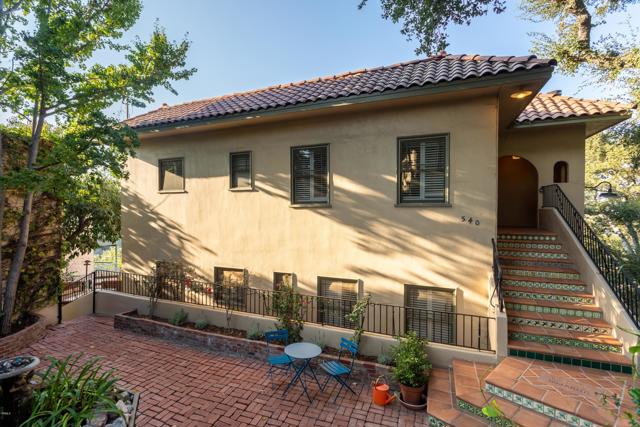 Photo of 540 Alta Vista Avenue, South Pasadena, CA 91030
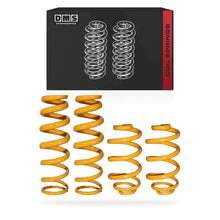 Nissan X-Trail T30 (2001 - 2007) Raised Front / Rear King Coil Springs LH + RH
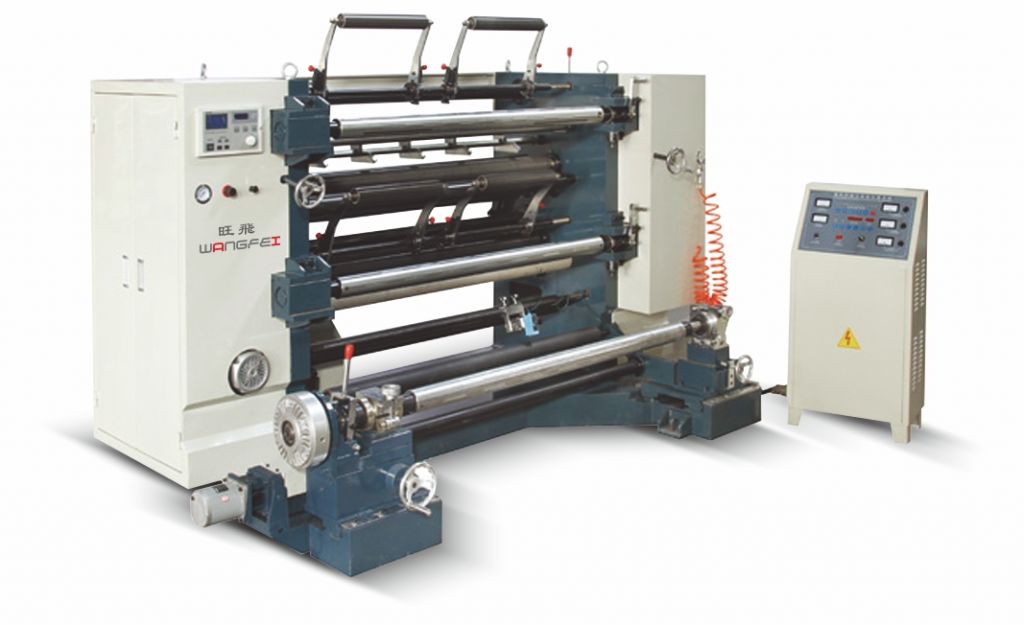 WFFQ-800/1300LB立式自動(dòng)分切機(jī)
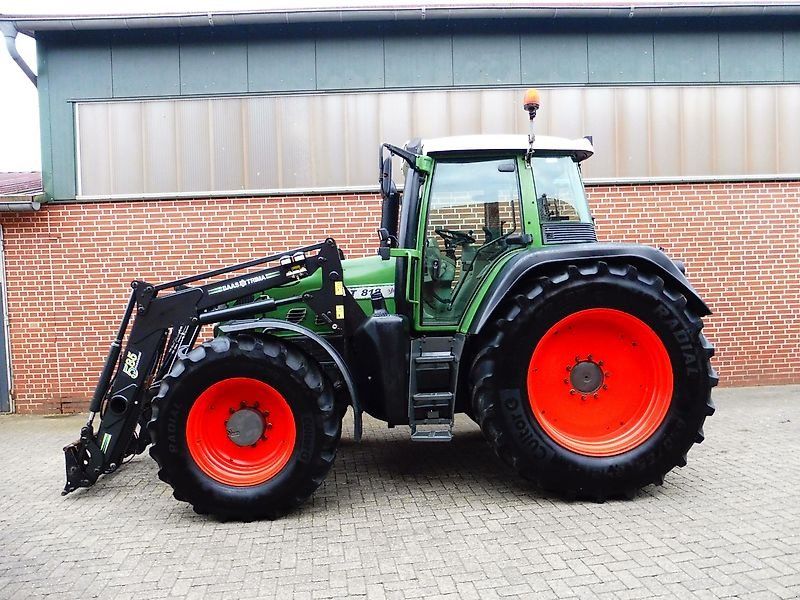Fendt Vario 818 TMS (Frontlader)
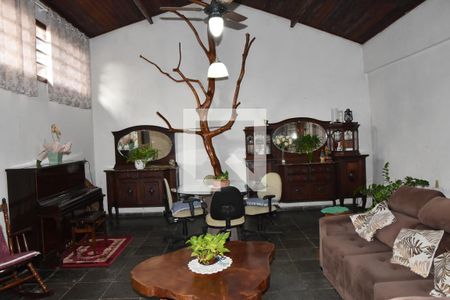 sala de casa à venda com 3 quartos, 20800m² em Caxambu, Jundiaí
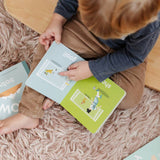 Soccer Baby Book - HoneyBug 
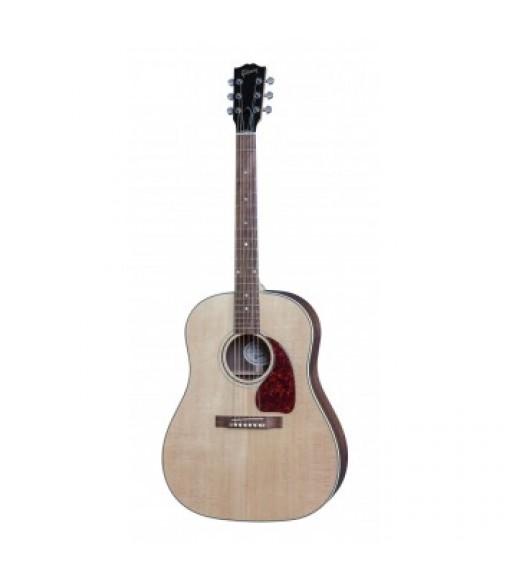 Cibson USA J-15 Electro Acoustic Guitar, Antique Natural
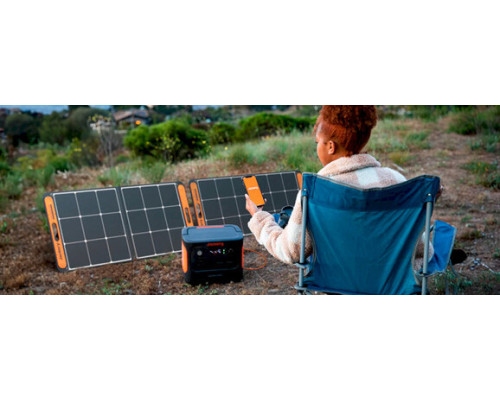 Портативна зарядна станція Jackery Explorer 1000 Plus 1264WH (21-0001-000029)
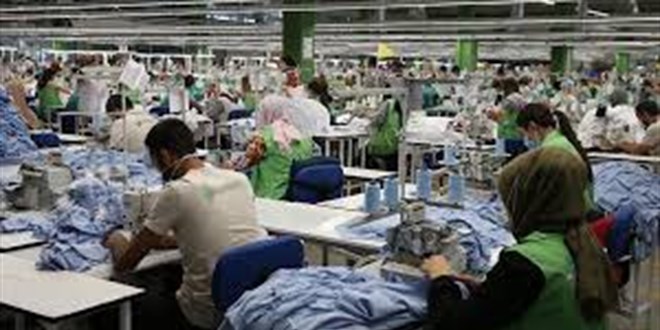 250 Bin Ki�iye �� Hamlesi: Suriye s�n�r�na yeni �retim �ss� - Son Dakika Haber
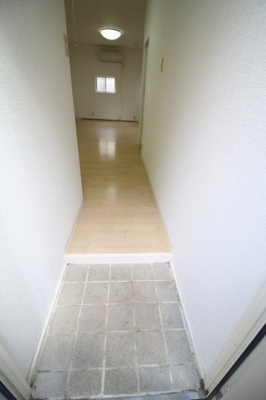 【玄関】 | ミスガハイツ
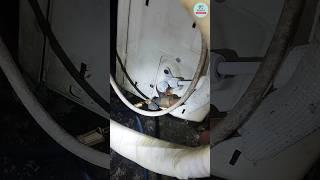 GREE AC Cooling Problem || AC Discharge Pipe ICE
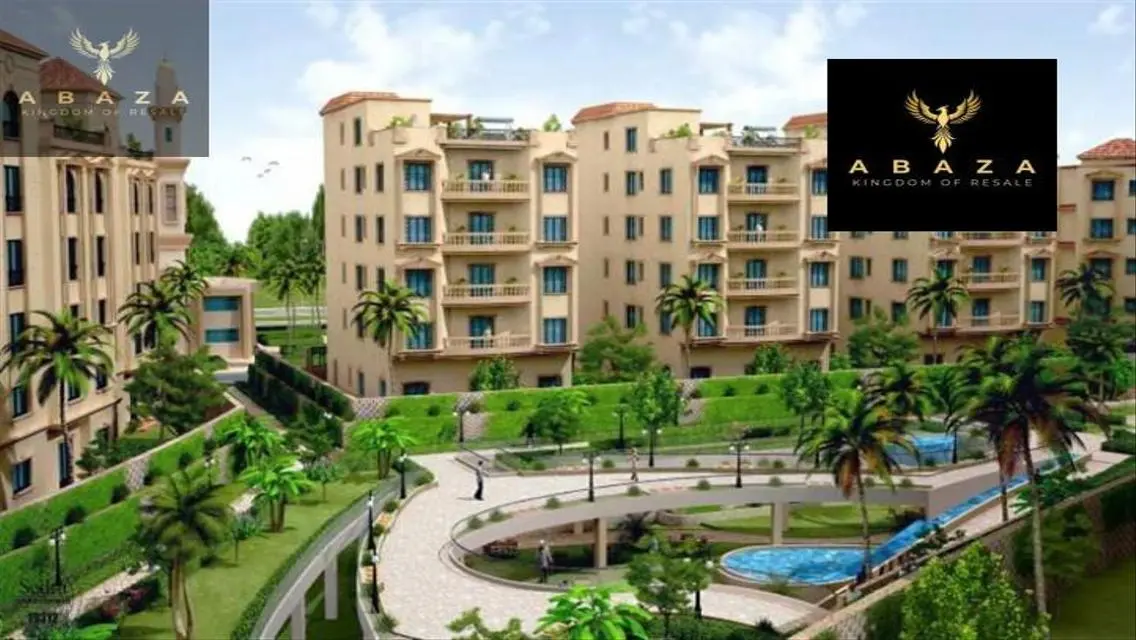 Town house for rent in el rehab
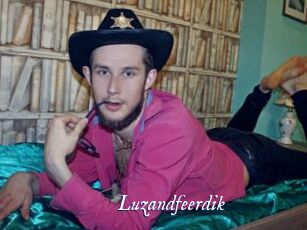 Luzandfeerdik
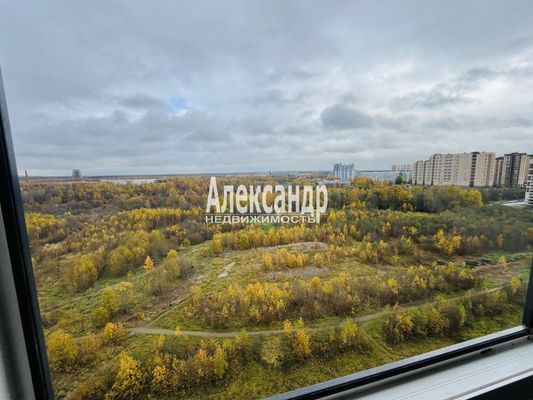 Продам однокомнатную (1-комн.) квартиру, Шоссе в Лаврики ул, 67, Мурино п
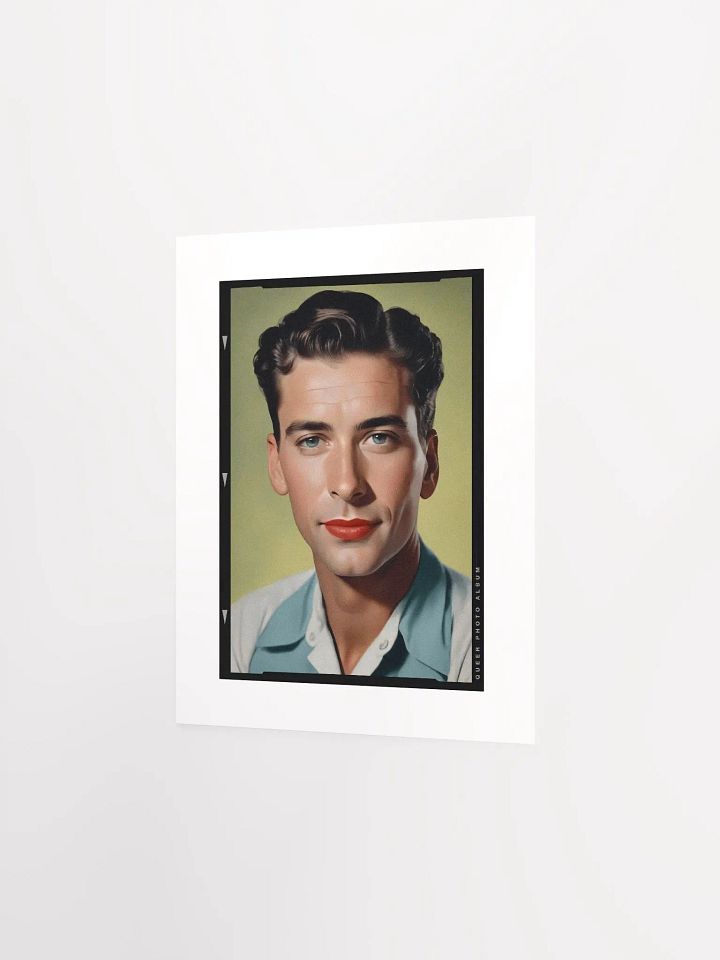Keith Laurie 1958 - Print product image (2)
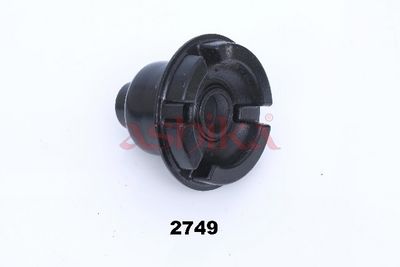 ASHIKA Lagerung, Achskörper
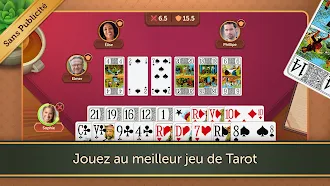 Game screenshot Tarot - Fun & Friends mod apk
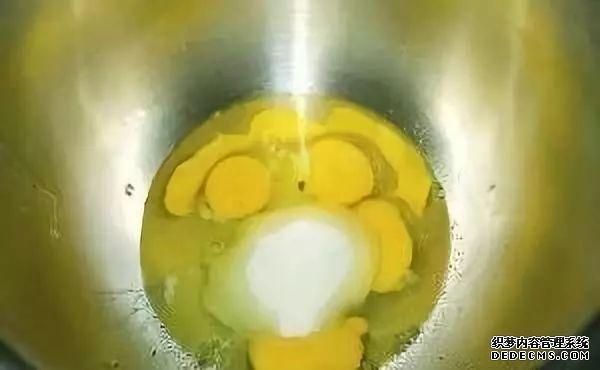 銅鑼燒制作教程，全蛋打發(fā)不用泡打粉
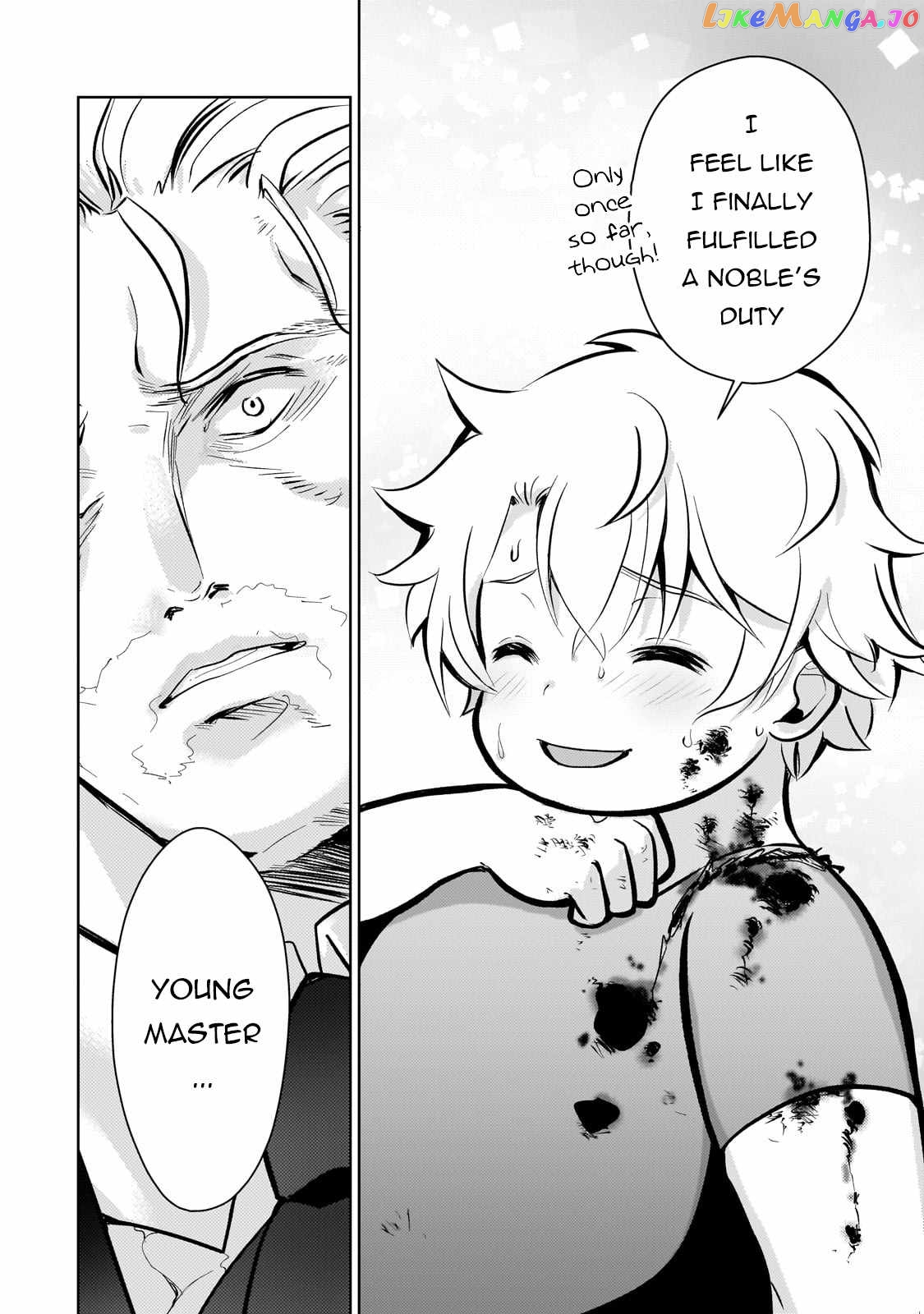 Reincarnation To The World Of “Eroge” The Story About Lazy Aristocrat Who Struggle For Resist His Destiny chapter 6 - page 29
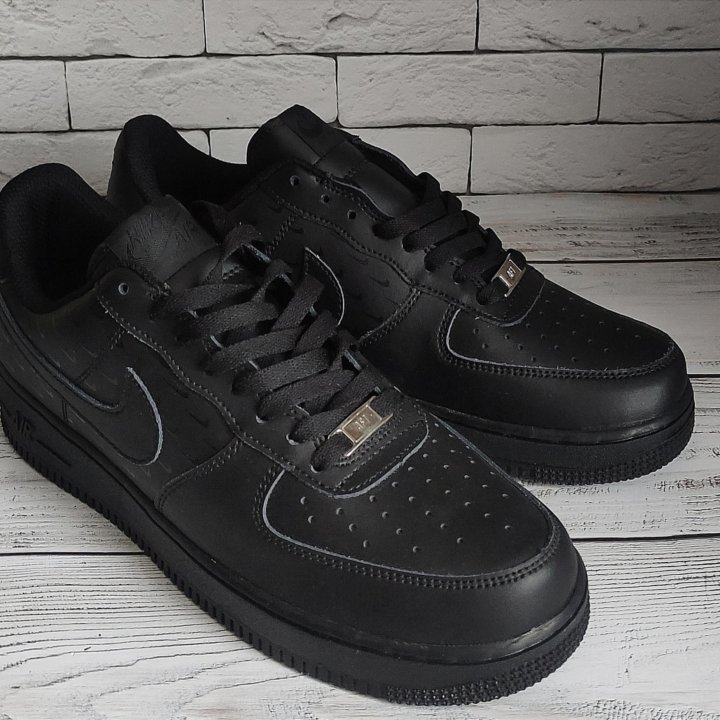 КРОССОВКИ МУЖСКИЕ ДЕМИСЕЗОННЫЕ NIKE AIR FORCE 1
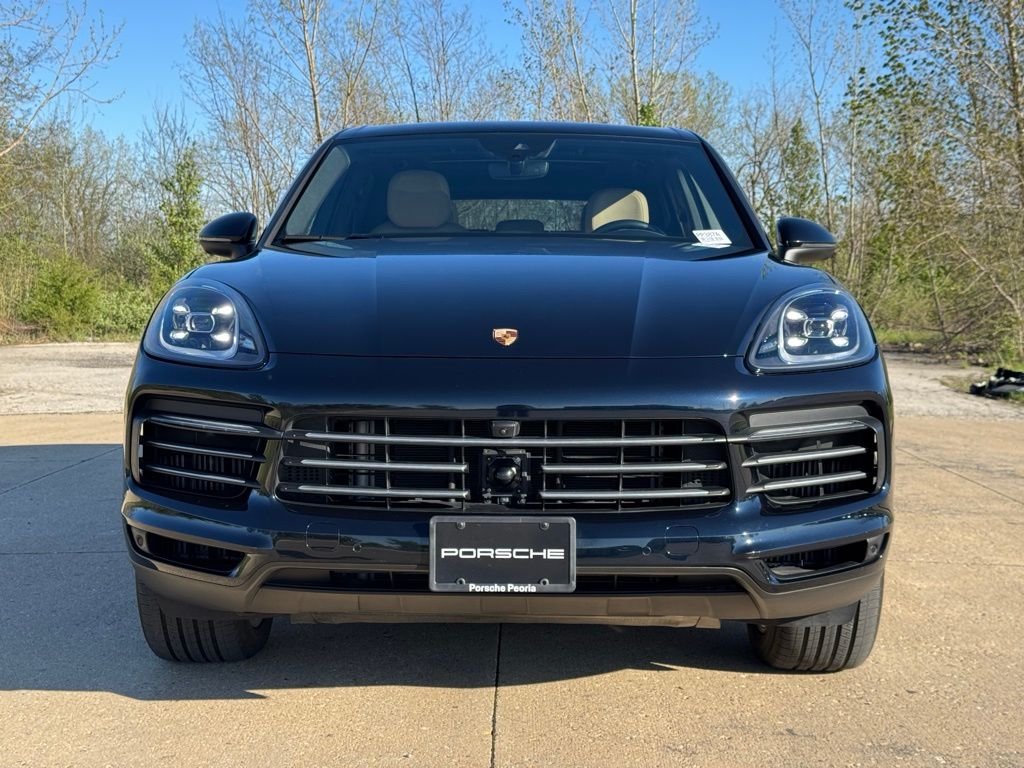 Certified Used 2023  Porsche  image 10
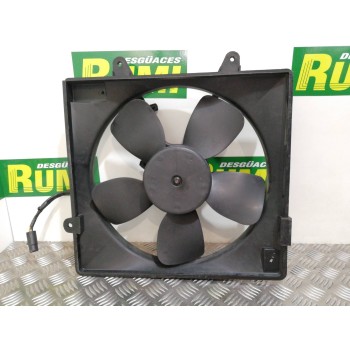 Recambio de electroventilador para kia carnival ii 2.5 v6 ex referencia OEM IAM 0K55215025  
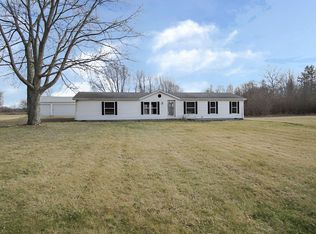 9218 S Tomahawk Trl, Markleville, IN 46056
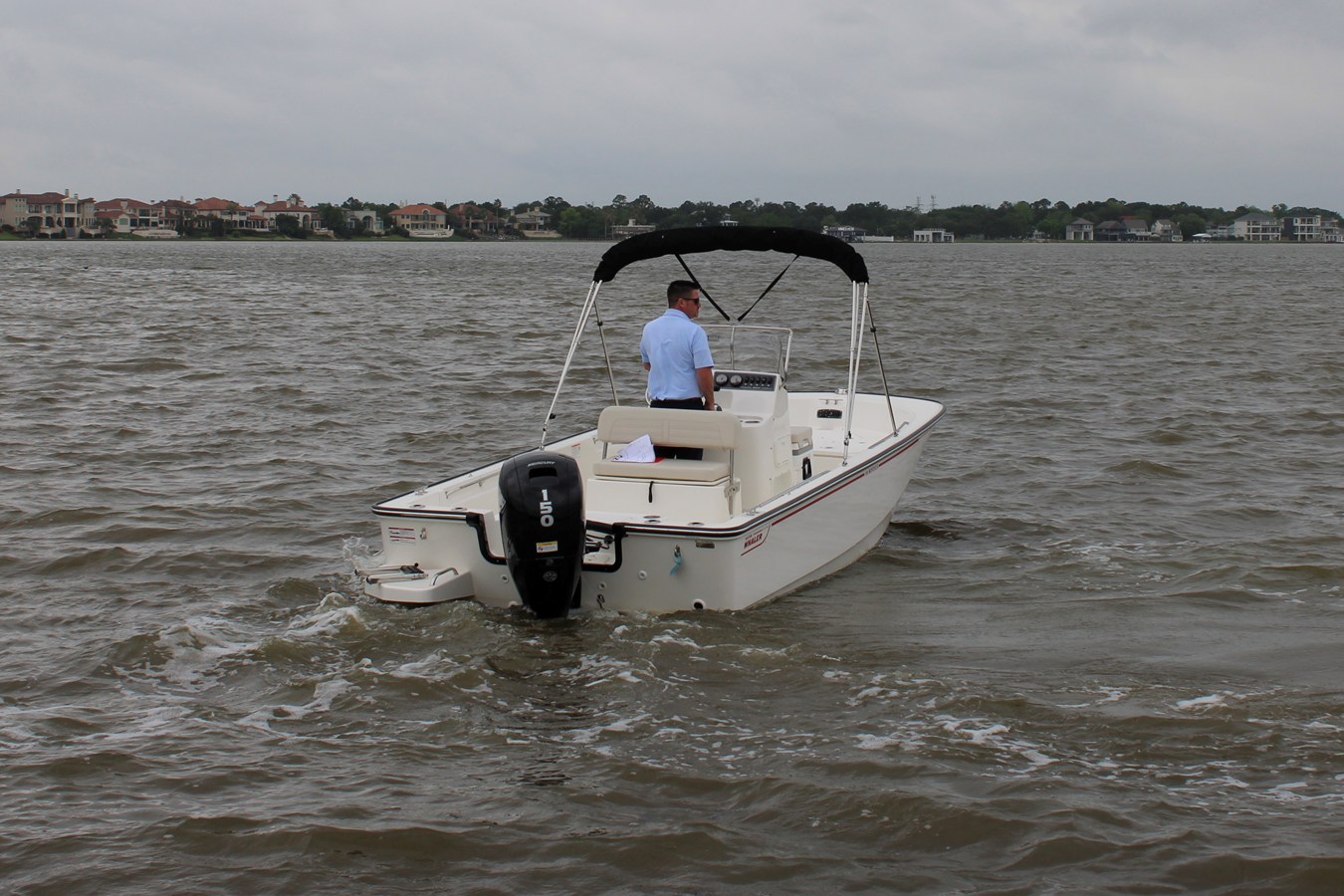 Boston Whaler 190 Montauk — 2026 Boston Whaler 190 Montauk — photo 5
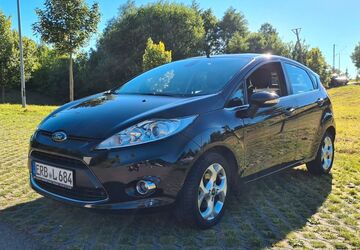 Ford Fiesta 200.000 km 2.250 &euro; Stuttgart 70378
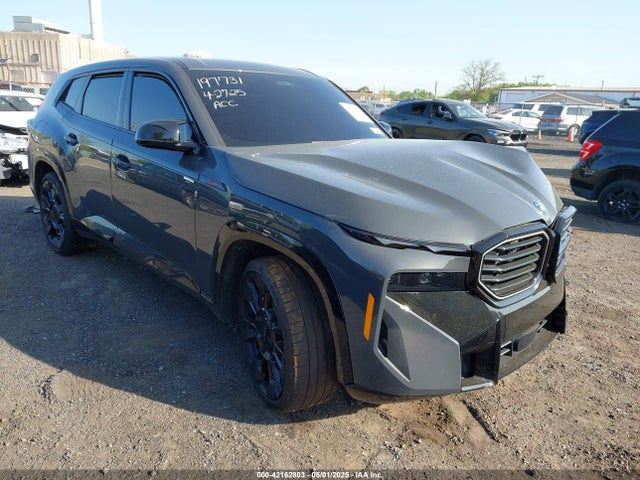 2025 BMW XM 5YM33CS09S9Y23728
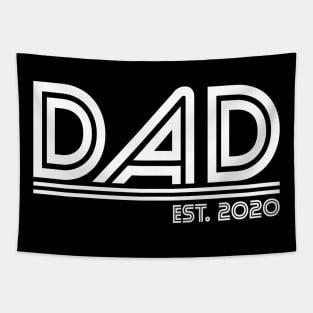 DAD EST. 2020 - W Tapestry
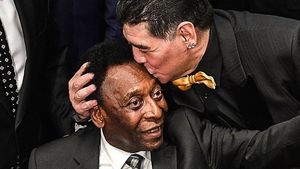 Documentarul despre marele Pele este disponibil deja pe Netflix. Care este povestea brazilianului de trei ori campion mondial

══════════

## Work task
Exact copy, no pictures. Write out the lines in the entries above, starting with the line with "WFFQ-800/1300LB立式自動(dòng)分切機(jī)" and going on through the line with "GREE AC Cooling", keeping both.

## Answer box
 WFFQ-800/1300LB立式自動(dòng)分切機(jī)
Fendt Vario 818 TMS (Frontlader)
 sala de casa à venda com 3 quartos, 20800m² em Caxambu, Jundiaí
 Soccer Baby Book - HoneyBug 
 Cibson USA J-15 Electro Acoustic Guitar, Antique Natural
 Портативна зарядна станція Jackery Explorer 1000 Plus 1264WH (21-0001-000029)
 250 Bin Ki�iye �� Hamlesi: Suriye s�n�r�na yeni �retim �ss� - Son Dakika Haber
 【玄関】 | ミスガハイツ
 GREE AC Cooling Problem || AC Discharge Pipe ICE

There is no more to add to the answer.